A is a root of order of polynomial p iff p(a)=p'(a)= =[p^(k-1)](a)=0

[xsw001]

a is a root of order k of the polynomial p provided that k is a natural number such that p(x)=[(x-a)^k]r(x), r is a polynomial and r(a) not equal to 0.

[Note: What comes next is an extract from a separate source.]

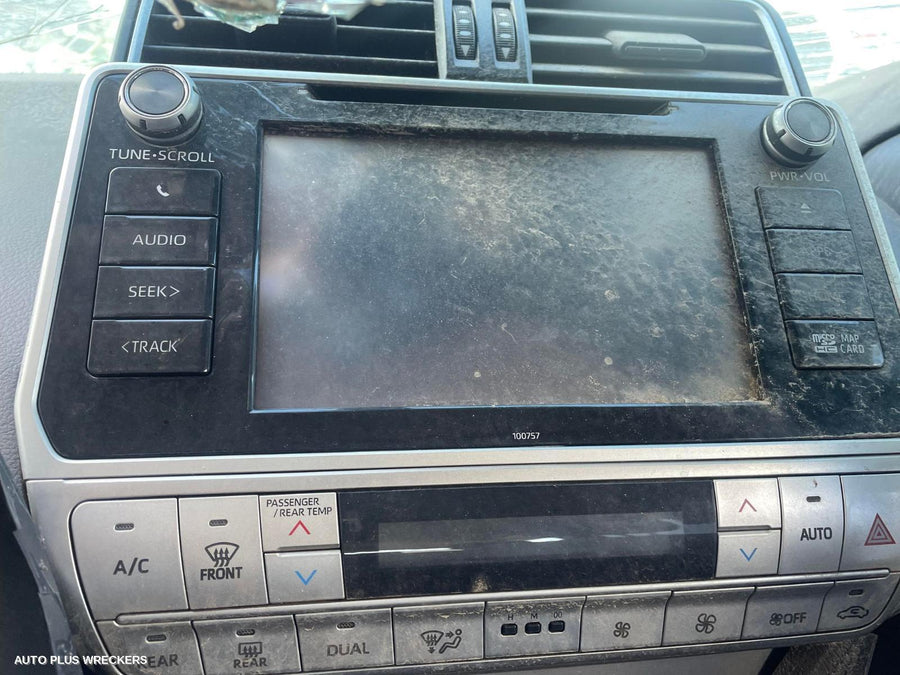 2018 Toyota Prado 3rd Seat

Prove a is a root of order k of the polynomial p iff p(a)=P'(a)=...=[p^(k-1)](a)=0 and [p^(k)](a) not equal to 0.

Note:
[p^(k-1)](a) := differentiate p(x) k-1 times
[[p^(k)](a) := differentiate p(x) k times

Taylor Polynomial expansion:
Pn(x) = f(a)+f'(a)(x-a)+[f''(a)/2!](x-a)^2+...+[f^n(a)/n!](x-a)^n

Proof:
My first instinct is to let finite series of r(x) to be e^x
Then r(x)=e^x=1+x+x^2/2!+x^3/3!+...+x^n/n!
Let a=0, then p(x)=[(x-a)^k]r(x)= (x^k)(e^x)
Differentiate p(x) k times to conclude p(0)=p’(0)=p’’(0)=…=[p^(k-1)](0)=0, but (p^k)(0)=k! not equal to 0 (I have skipped the steps in this post since it takes too long to type it up)
But how should I prove the other way around?
Suppose p(a)=p'(a)=...=[p^(k-1)](a)=0 and [p^(k)](a) not equal to 0 and prove that a is a root of order of polynomial p? Any suggestions?

 

[lanedance]

how about starting from below & differentiating k times
$$p(x)=(x-a)^k r(x)$$

 

[xsw001]

Yeah, that's what I was thinking originally instead of use a particular example, just generalize it by differentiating k times. I got pretty close the same answer,
p(a)=p’(a)=p’’(a)=…=[p^(k-1)](a)=0, but (p^k)(a)=k!r(a) not equal to 0 since r(a) not equal to 0 and k is natural number.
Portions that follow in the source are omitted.